(Data excerpts)
>>
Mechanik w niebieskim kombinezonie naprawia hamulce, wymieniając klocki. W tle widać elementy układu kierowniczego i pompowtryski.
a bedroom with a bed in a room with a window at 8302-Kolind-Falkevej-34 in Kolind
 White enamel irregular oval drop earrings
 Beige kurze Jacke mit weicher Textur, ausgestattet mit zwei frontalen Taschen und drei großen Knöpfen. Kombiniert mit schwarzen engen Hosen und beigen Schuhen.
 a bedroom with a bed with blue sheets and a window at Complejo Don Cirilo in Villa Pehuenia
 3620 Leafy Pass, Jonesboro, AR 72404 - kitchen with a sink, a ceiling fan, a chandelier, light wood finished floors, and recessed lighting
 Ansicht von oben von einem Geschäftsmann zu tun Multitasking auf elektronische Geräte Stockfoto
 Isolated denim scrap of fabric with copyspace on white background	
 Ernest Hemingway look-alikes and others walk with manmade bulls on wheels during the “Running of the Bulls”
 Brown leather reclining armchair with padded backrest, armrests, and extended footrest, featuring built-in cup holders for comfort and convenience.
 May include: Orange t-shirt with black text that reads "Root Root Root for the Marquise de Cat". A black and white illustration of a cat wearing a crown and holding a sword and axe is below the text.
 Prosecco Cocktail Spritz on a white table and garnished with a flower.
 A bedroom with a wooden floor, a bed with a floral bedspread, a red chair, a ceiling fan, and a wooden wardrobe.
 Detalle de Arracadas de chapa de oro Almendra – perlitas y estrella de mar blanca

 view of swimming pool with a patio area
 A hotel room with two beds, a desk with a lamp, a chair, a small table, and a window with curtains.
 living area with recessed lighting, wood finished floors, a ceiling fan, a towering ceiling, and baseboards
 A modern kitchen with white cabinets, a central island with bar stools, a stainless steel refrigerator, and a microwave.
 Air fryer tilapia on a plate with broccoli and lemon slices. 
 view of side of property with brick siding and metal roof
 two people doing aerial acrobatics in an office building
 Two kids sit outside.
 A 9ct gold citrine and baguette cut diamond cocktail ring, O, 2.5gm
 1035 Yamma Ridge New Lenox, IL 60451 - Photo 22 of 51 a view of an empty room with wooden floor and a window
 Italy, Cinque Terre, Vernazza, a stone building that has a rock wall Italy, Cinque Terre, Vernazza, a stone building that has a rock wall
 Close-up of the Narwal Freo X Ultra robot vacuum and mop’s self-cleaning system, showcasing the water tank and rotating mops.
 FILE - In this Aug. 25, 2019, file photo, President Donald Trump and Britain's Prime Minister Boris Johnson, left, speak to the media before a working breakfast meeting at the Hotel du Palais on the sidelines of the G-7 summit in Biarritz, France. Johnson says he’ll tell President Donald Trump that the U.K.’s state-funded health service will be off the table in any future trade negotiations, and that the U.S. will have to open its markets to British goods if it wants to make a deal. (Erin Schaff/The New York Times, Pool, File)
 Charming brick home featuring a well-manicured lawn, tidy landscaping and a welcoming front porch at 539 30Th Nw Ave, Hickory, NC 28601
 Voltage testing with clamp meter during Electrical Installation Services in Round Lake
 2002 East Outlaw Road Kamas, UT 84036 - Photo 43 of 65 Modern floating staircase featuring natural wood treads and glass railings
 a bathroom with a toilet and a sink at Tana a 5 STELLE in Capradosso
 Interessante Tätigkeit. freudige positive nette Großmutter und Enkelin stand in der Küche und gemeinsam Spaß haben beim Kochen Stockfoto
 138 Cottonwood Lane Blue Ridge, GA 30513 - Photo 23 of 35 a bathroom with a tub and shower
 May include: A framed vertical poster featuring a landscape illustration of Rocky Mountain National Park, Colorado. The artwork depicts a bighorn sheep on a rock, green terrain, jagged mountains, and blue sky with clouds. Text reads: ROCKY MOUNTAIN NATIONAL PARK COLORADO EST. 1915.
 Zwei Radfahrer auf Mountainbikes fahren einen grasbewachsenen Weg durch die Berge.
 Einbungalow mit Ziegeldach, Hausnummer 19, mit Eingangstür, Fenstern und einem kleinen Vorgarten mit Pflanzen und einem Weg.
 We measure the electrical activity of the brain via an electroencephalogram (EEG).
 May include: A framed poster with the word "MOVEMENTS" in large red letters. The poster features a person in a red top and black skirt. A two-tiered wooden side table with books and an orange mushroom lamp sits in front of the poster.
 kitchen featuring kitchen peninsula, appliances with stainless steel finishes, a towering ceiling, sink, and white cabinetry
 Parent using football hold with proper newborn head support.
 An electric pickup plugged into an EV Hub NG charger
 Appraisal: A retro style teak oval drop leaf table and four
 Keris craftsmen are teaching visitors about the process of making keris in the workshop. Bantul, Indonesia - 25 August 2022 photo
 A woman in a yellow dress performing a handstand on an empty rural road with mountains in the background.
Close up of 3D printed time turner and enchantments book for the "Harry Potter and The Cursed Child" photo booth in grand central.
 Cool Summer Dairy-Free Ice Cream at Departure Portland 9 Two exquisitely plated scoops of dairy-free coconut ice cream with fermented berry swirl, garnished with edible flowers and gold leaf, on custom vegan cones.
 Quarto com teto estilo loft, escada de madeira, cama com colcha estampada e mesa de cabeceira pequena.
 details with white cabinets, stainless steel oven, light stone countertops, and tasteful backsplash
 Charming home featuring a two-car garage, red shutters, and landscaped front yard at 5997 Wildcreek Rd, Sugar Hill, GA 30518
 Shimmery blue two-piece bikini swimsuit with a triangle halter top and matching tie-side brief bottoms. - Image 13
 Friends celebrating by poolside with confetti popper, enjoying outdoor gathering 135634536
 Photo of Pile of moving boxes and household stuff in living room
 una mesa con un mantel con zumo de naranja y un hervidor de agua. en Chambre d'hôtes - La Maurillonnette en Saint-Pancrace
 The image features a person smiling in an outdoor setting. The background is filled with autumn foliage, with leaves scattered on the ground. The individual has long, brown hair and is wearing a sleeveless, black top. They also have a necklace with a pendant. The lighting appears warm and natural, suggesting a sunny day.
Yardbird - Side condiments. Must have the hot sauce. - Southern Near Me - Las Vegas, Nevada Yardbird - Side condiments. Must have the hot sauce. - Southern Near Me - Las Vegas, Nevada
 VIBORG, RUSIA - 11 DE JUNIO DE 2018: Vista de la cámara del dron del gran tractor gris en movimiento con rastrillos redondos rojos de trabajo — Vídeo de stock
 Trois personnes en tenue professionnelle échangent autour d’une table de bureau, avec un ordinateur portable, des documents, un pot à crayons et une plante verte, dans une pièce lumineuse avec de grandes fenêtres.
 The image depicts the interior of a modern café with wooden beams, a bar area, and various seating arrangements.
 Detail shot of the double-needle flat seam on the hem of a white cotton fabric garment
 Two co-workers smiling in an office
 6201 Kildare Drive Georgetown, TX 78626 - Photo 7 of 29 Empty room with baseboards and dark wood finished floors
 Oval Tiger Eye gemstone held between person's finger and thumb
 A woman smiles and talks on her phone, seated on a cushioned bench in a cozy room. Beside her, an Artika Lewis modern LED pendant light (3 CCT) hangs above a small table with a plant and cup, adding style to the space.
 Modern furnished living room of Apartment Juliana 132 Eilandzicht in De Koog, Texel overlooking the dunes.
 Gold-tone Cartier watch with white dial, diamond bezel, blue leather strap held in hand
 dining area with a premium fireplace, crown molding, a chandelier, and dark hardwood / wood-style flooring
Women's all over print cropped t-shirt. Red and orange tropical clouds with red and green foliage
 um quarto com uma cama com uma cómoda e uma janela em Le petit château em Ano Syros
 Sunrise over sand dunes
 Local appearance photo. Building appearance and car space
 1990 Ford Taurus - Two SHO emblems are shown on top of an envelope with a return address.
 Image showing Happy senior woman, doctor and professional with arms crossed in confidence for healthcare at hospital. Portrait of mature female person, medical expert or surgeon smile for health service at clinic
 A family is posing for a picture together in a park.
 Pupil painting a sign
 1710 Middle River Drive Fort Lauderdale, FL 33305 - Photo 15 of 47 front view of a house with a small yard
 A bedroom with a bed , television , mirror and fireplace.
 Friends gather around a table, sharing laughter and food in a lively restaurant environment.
<<
-- What is required --
Using the records above, copy all lines that include the word "stainless".

-- Response area --
 A modern kitchen with white cabinets, a central island with bar stools, a stainless steel refrigerator, and a microwave.
 kitchen featuring kitchen peninsula, appliances with stainless steel finishes, a towering ceiling, sink, and white cabinetry
 details with white cabinets, stainless steel oven, light stone countertops, and tasteful backsplash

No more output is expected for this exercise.